In three years, Sharon has succeeded in rolling back Palestinian, American, and even Israeli expectations about what shape a future Middle East might take. It has come to the point where President Bush is even willing to consider making a statement acknowledging that the “final boundaries” might not resemble the old “Green Line” armistice lines.
But Sharon must now deal with the next Ehud — a monster largely of Sharon’s own making: Ehud Olmert. Olmert has never been much of a hawk on diplomatic matters, and in the last six months has become the Likud’s leading leftist. He is proving what a lot of people on the right have been saying for years — — that the Likud is a centrist rather than a right-wing party.
Olmert is the man who conceived of this season’s hot political topic, the “Unilateral Pullout” plan that would have Israel withdrawing under fire from the Gaza Strip for nothing in return from the Palestinians, much like it did from Lebanon under the first Ehud. The pullout from Lebanon provided an example of what the Palestinians could hope to achieve by rejecting negotiations and resorting to terrorism, and the withdrawal from Gaza under similar circumstances will reinforce that example.
Yet Olmert has been able to convince Sharon that his plan is the way to go — despite Sharon’s vehement opposition to other, similar, plans, such as Oslo and the Lebanon pullout.
Olmert recently has made two statements that should give every Israeli patriot reason to be nervous.
First, he explained that, in his estimation, Israel’s unilateral withdrawal from Gaza and four Samarian communities would not end terrorism. I find it quite impossible to follow the logic behind the plan if that is the case. It should be the sole aim of any diplomatic or security plan to end the terrorist war against Israel in as decisively victorious a fashion as possible. Yet the best this government can offer, based on Olmert’s driving force, is a plan that will deprive Israel of land and destroy a number of its communities, while not achieving anything in return.

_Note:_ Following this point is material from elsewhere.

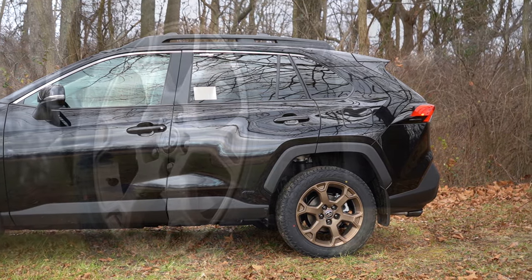Moving on to safety: the RAV4 Hybrid is an IIHS Top Safety Pick, which is a great start. You get front, side, and side curtain airbags standard, a driver's knee airbag, and a front passenger seat cushion airbag. Also standard: LATCH lower anchors and tethers for children, rear child door locks, tire pressure monitoring, and Toyota Safety Sense 2.5 — which includes a pre-collision system with pedestrian detection, dynamic radar cruise control, lane departure alert with steering assist, lane trace assist, and road sign assist.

Olmert’s second statement was that Israel should withdraw anyway, since there are 7,500 Israeli residents in Gaza, living in the midst of over one million Palestinians. This is not the first time we have heard such statements from Israel’s purported leaders. The only difference this time is that the purveyor of the statement was not a member of a left-wing party.
If we follow Olmert’s statements to their logical conclusion, then Jews have no right living anywhere in the State of Israel. After all, the Arabs have been complaining all along that we are a mere five million people living in the midst of 100 million Arabs, and that Israel should be a part of their hegemony. Why is Gaza different from the rest of Israel?